• **Prompt**:
Down to the last line below, write out every line exactly, starting with the one that contains "Once you've opened" and leaving out the pictures.

[Recorded data]
****************************************
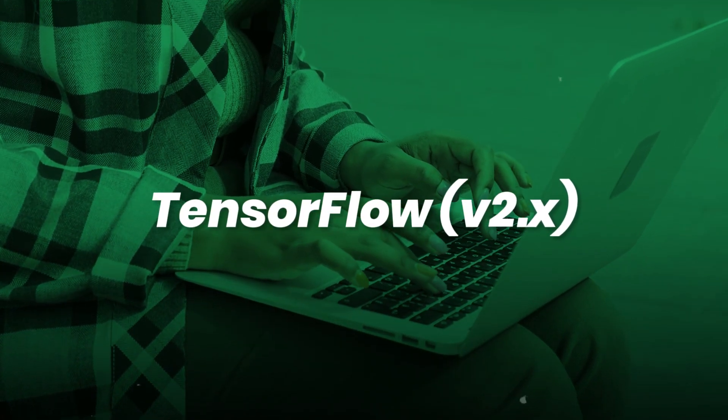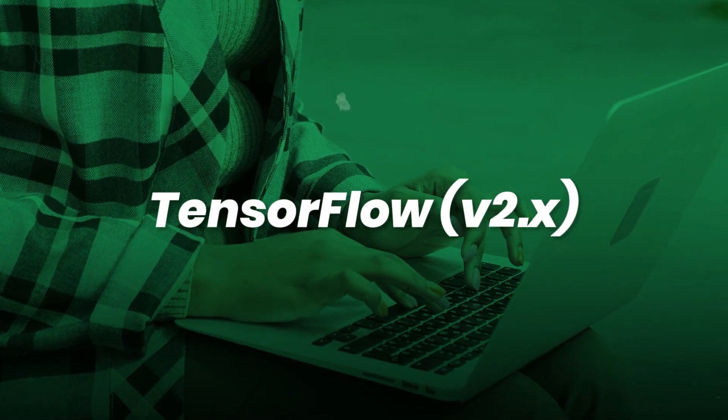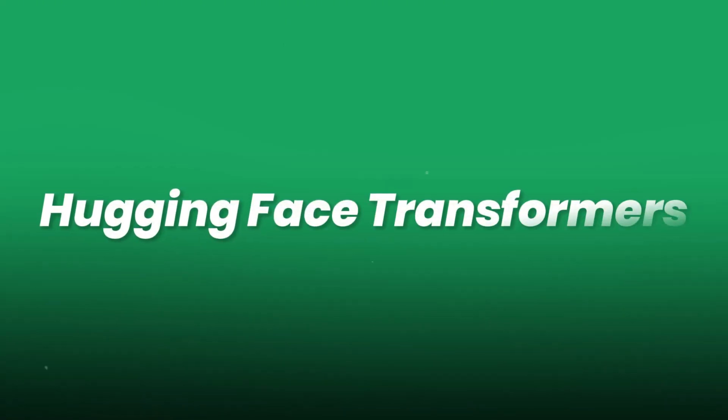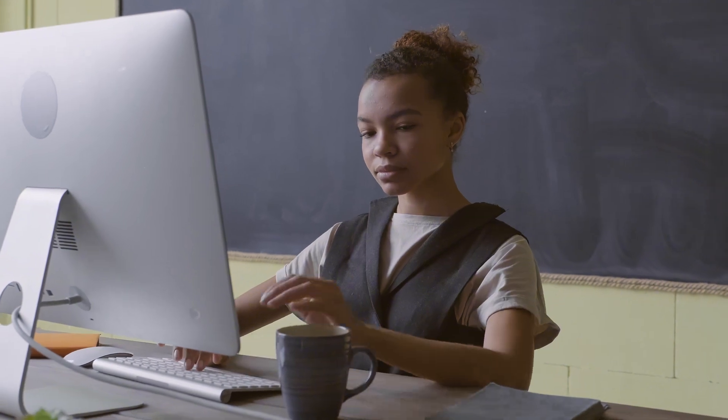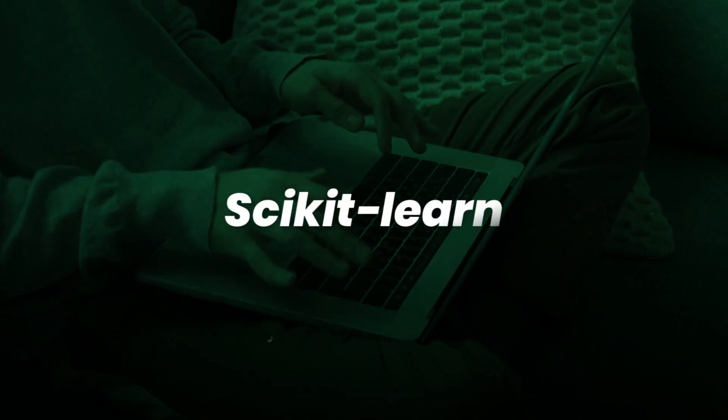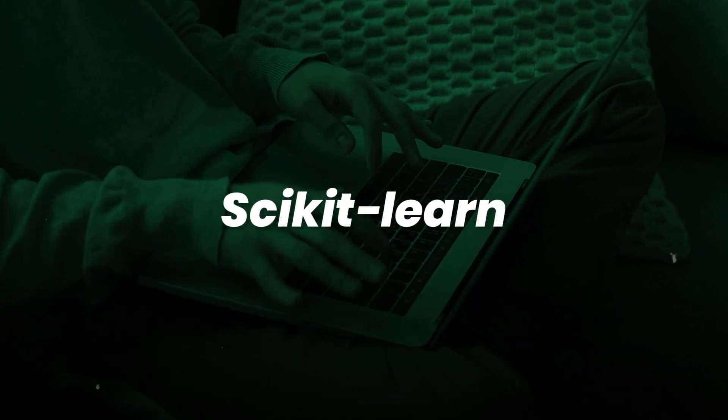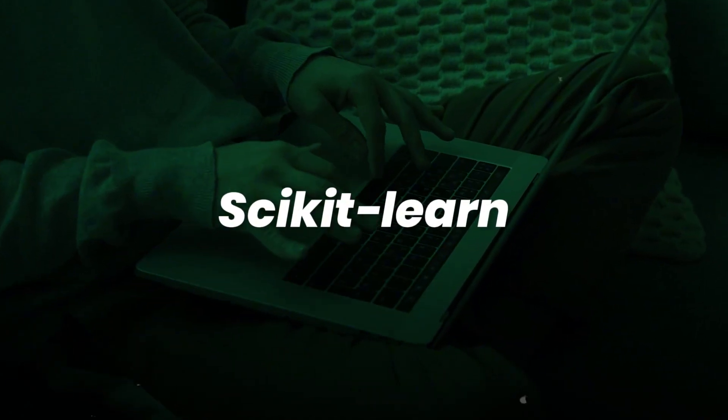Hugging Face transformers for language models, text generation, and LLM fine-tuning. Scikit-learn for classical ML models.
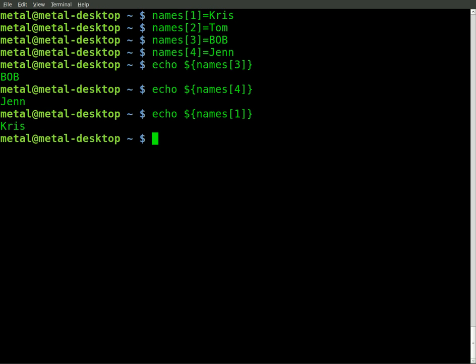One way this is useful is if you want to quickly list out everything in an array or a section of the array, you can use the for command as I showed you in the past. So what we'll do is we'll say for i, and i is going to be our variable, in, and then we'll do dollar sign squiggly bracket, one dot dot four.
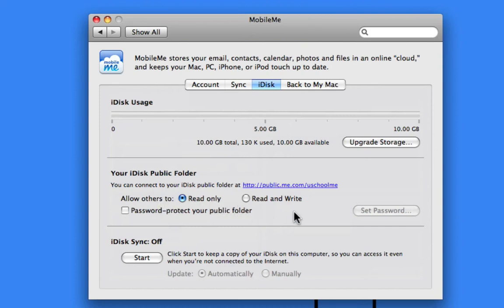That means they can't copy anything to you, they can't send you any files, but they can take whatever they want out of your public iDisk folder.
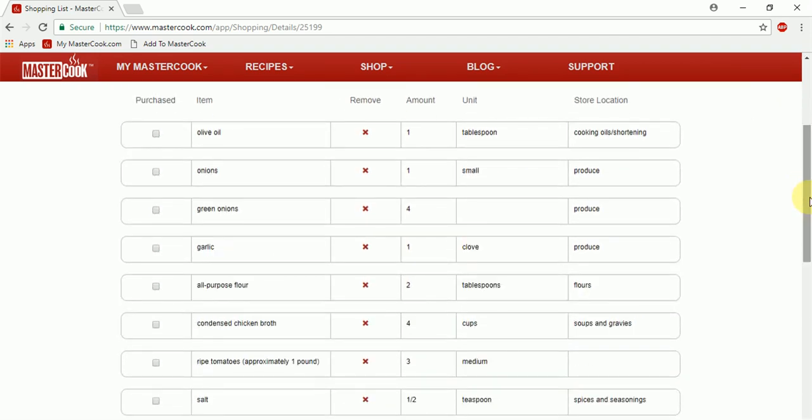So now you can access your shopping list from anywhere on the go right from your MasterCook.com account. If you are at the store or at a friend or family's home, you can access it online and edit it further too. Thank you for joining us today and thank you for being a part of the MasterCook community.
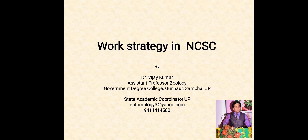Hello children, I am Dr. Vijay Kumar, State Academic Coordinator, UP East. Most of you are sending messages and asking for a video on work strategy in National Children's Science Congress. Many of you have queries like how to start work and what strategies to adopt to perform this unique activity. In this video I am going to explain the work strategy in National Children's Science Congress.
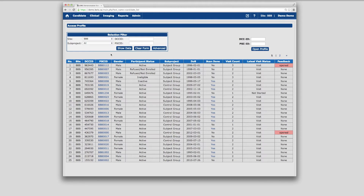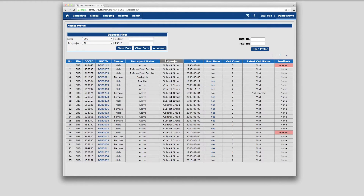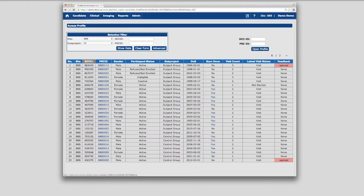This view shows metadata about each subject that can be filtered as well as sorted by any column, such as site, subproject, or subject ID.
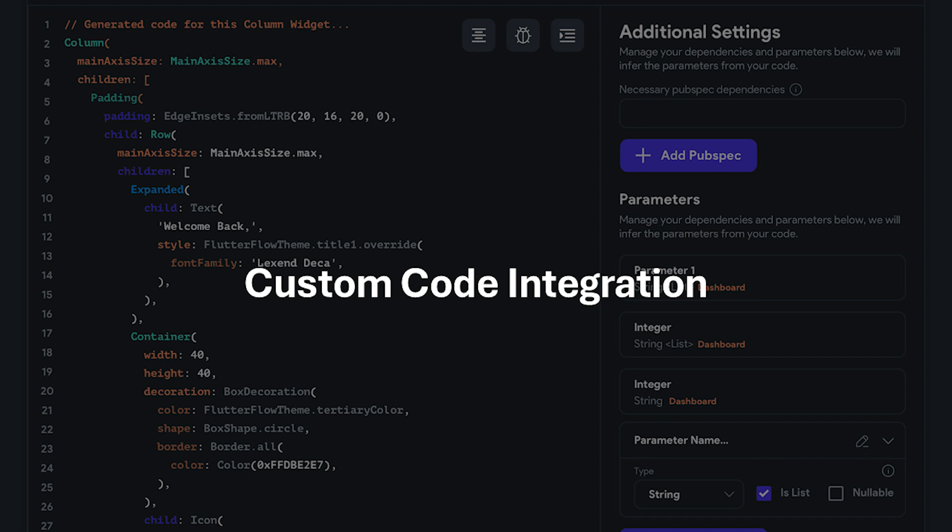Flutter Flow understands that even with a rich library of pre-built components, there might be situations where you need more control or want to implement unique features. That's why it allows you to integrate custom Flutter code within the Flutter Flow app. This gives you the flexibility to extend the functionality of your app beyond the limitations of the pre-built elements and tailor it to your specific requirements.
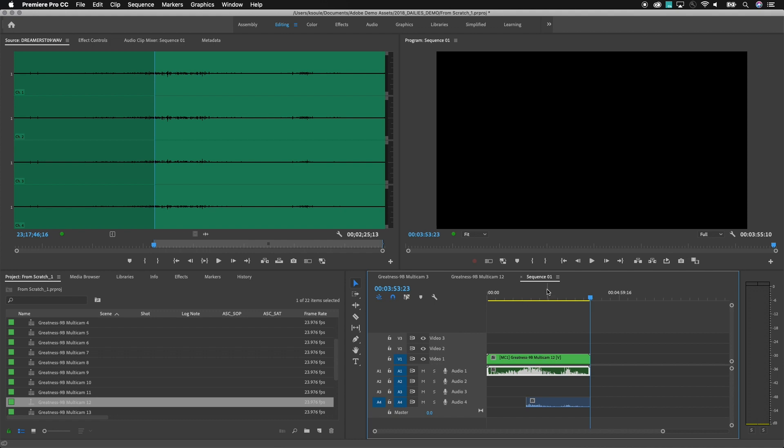So by using this functionality as I'm working with all my different multicams I can set the multicams by default to just showcase A1 and still have an easy workflow for getting into using A2, A3 or A4 as needed.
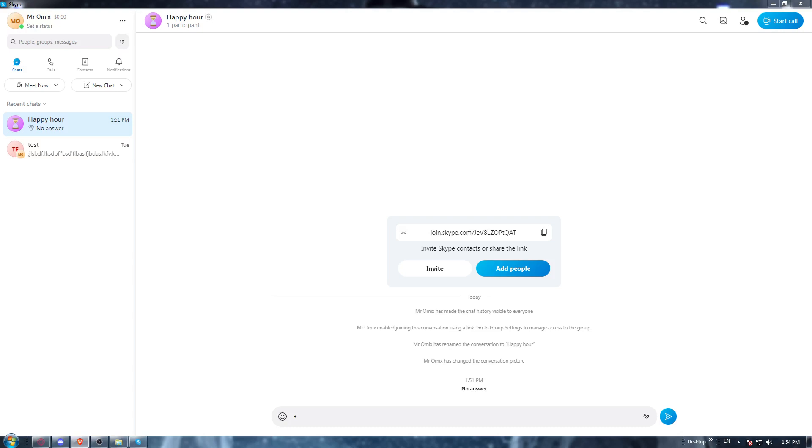Once you've opened it, they will ask you to log in to your account. If you have an account, log in, but if you don't, you'll need to go and create one.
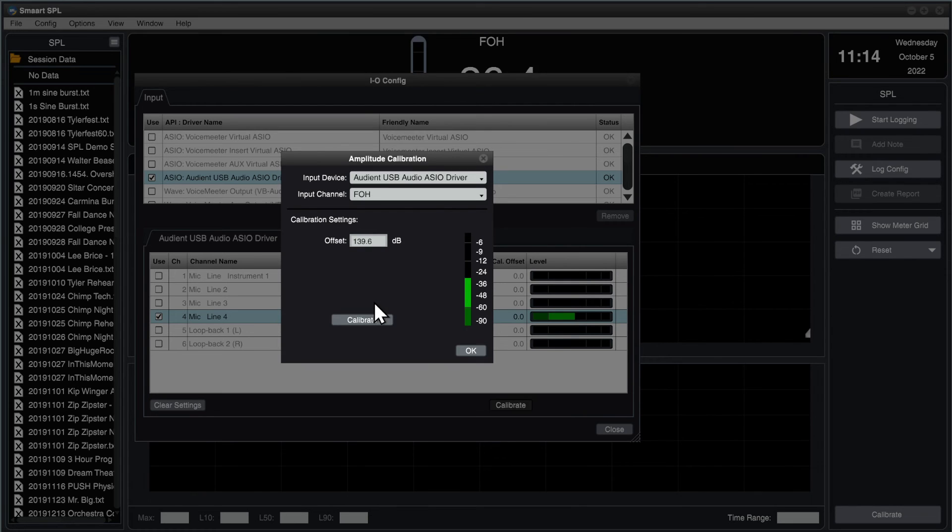The resulting offset value represents the highest sound level that this configuration can measure without overloading the analog-to-digital converter.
****************************************
• **Exercise output**:
Once you've opened it, they will ask you to log in to your account. If you have an account, log in, but if you don't, you'll need to go and create one.
The resulting offset value represents the highest sound level that this configuration can measure without overloading the analog-to-digital converter.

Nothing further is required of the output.